A trie (pronounced "try") is a tree where each node represents a character, and paths from root to nodes form strings. Efficient for prefix-based operations: autocomplete, spell checking, IP routing, word games.

Implementation (TrieNode class)

class TrieNode:
    def __init__(self):
        self.children = {}  # char -> TrieNode
        self.is_end_of_word = False

class Trie:
    def __init__(self):
        self.root = TrieNode()

    def insert(self, word: str) -> None:
        node = self.root
        for char in word:
            if char not in node.children:
                node.children[char] = TrieNode()
            node = node.children[char]
        node.is_end_of_word = True

    def search(self, word: str) -> bool:
        node = self.root
        for char in word:
            if char not in node.children:
                return False
            node = node.children[char]
        return node.is_end_of_word

    def startsWith(self, prefix: str) -> bool:
        node = self.root
        for char in prefix:
            if char not in node.children:
                return False
            node = node.children[char]
        return True

    def delete(self, word: str) -> bool:
        def _delete(node, word, index):
            if index == len(word):
                if not node.is_end_of_word:
                    return False
                node.is_end_of_word = False
                return len(node.children) == 0

            char = word[index]
            if char not in node.children:
                return False

            should_delete = _delete(node.children[char], word, index + 1)

            if should_delete:
                del node.children[char]
                return not node.is_end_of_word and len(node.children) == 0

            return False

        return _delete(self.root, word, 0)

Complexity: - Insert: O(m) time, O(m) space where m = word length - Search: O(m) time, O(1) space - Prefix check: O(m) time, O(1) space - Total space: O(ALPHABET_SIZE x N x M) worst case

Compact Implementation (dict-based)

class Trie:
    def __init__(self):
        self.root = {}

    def insert(self, word: str) -> None:
        node = self.root
        for char in word:
            if char not in node:
                node[char] = {}
            node = node[char]
        node['$'] = True  # End marker

    def search(self, word: str) -> bool:
        node = self.root
        for char in word:
            if char not in node:
                return False
            node = node[char]
        return '$' in node

    def startsWith(self, prefix: str) -> bool:
        node = self.root
        for char in prefix:
            if char not in node:
                return False
            node = node[char]
        return True

Implement Trie (LC 208)

Solved by either implementation above.

Add and Search Words (LC 211)

Supports wildcard . matching any single character.
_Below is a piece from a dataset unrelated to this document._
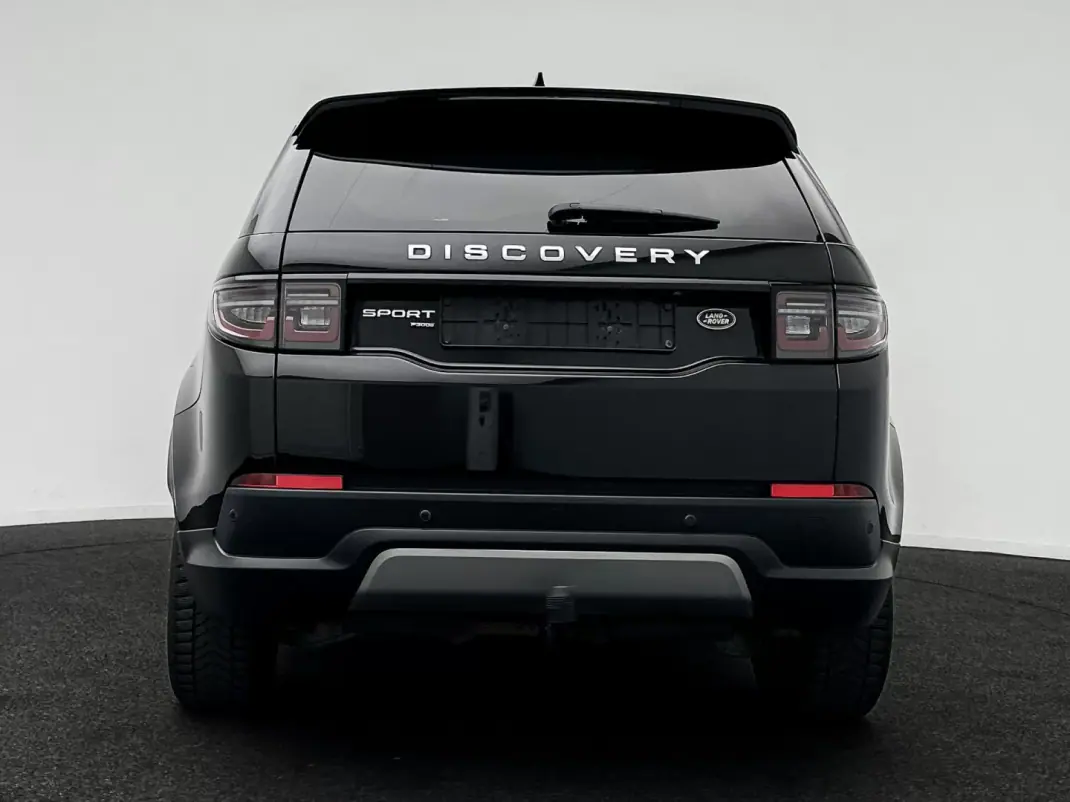 Land Rover Discovery Sport 2022 - 27450 EUR, 154650 km - 154650km - foto 5 de 30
Use DFS when encountering ..

class WordDictionary:
    def __init__(self):
        self.root = TrieNode()

    def addWord(self, word: str) -> None:
        node = self.root
        for char in word:
            if char not in node.children:
                node.children[char] = TrieNode()
            node = node.children[char]
        node.is_end_of_word = True

    def search(self, word: str) -> bool:
        def dfs(node, i):
            if i == len(word):
                return node.is_end_of_word

            if word[i] == '.':
                # Try all children
                for child in node.children.values():
                    if dfs(child, i + 1):
                        return True
                return False
            else:
                if word[i] not in node.children:
                    return False
                return dfs(node.children[word[i]], i + 1)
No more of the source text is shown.